Makna Hari Raya Galungan dan Kuningan

Kata “Galungan” berasal dari bahasa Jawa Kuna yang artinya menang. Galungan juga sama artinya dengan dungulan, yang juga berarti menang. Karena itu di Jawa, wuku yang kesebelas disebut Wuku Galungan, sedangkan di Bali wuku yang kesebelas itu disebut Wuku Dungulan. Namanya berbeda, tapi artinya sama saja. Seperti halnya di Jawa dalam rincian pancawara ada sebutan Legi sementara di Bali disebut Umanis, yang artinya sama, yakni manis.
Pelaksanaan Perayaan Galungan sendiri di Indonesia lebih di dasarkan pada kisah ketika Sri Dhanadi mangkat dan digantikan Raja Sri Jayakasunu pada tahun 1126 Saka, barulah Galungan dirayakan kembali, setelah sempat terlupakan kurang lebih selama 23 tahun. Keterangan ini bisa dilihat pada lontar Sri Jayakasunu. Dalam lontar tersebut diceritakan bahwa Raja Sri Jayakasunu merasa heran mengapa raja dan pejabat-pejabat raja sebelumnya selalu berumur pendek. Untuk mengetahui penyebabnya, Raja Sri Jayakasunu mengadakan tapa brata dan samadhi di Bali yang terkenal dengan istilah Dewa Sraya — artinya mendekatkan diri pada Dewa. Dewa Sraya itu dilakukan di Pura Dalem Puri, tak jauh dari Pura Besakih.
Karena kesungguhannya melakukan tapa brata, Raja Sri Jayakasunu mendapatkan pawisik atau “bisikan religius” dari Dewi Durgha, sakti dari Dewa Siwa. Dalam pawisik itu Dewi Durgha menjelaskan kepada raja bahwa leluhurnya selalu berumur pendek karena tidak lagi merayakan Galungan. Karena itu Dewi Durgha meminta kepada Raja Sri Jayakasunu supaya kembali merayakan Galungan setiap Rabu Kliwon Dungulan sesuai dengan tradisi yang pernah berlaku. Di samping itu disarankan pula supaya seluruh umat Hindu memasang penjor pada hari Penampahan Galungan (sehari sebelum Galungan).
Disebutkan pula, inti pokok perayaan hari Penampahan Galungan adalah melaksanakanbyakala yaitu upacara yang bertujuan untuk melepaskan kekuatan negatif (Buta Kala) dari diri manusia dan lingkungannya. Semenjak Raja Sri Jayakasunu mendapatkan bisikan religius itu, Galungan dirayakan lagi dengan hikmat dan meriah oleh umat Hindu di Bali.

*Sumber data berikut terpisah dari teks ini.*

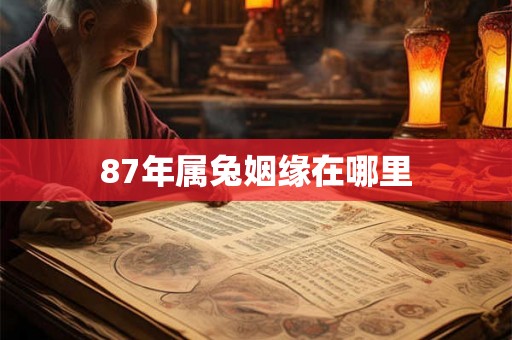 87年属兔姻缘在哪里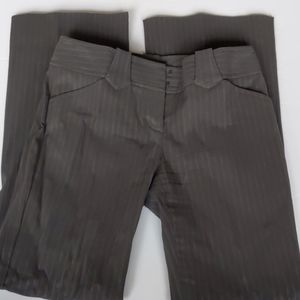Express Pants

Secara filosofis makna Galungan adalah suatu upacara sakral yang memberikan kekuatan spiritual agar mampu membedakan mana dorongan hidup yang berasal dari adharma dan mana dari budhi atma yaitu berupa suara kebenaran (dharma) dalam diri manusia. Selain itu juga memberi kemampuan untuk membeda-bedakan kecendrungan keraksasaan (asura sampad) dan kecendrungan kedewaan (dewa sampad). Harus disadari bahwa hidup yang berbahagia atau ananda adalah hidup yang memiliki kemampuan untuk menguasai kecenderungan keraksasaan.
Galungan dan Kuningan hendaknyalah dilaksanakan dengan hati dan perasaan yang damai dan tentram. Kemenangan Dharma atas Adharma bermakna dalam konteks, kita hendaknya mampu instrospeksi diri siapa sesungguhnya jati diri kita, siapa kita dan untuk apa kita dilahirkan, bagaimana kita berperan dalam masyarakat untuk menciptakan kedamaian dan kesejahteraan serta berperan aktif dalam dinamika sosial di tengah-tengah masyarakat dan lingkungan kita.
Hal ini hendaknya melalui proses pendakian spiritual menuju kesadaran diri yang sejati, seperti halnya hari Raya Galungan dan Kuningan, manusia bertahan dan tetap teguh dengan kesucian hati walau digoda oleh Sang Kala Tiga Wisesa, musuh dalam dirinya, di dalam upaya menegakkan dharma di dalam dirinya maupun di luar dirinya. Sifat-sifat adharma (bhuta) di dalam dirinya dan di luar dirinya disomya agar menjadi dharma (Dewa), sehingga dunia ini menjadi seimbang (jagadhita).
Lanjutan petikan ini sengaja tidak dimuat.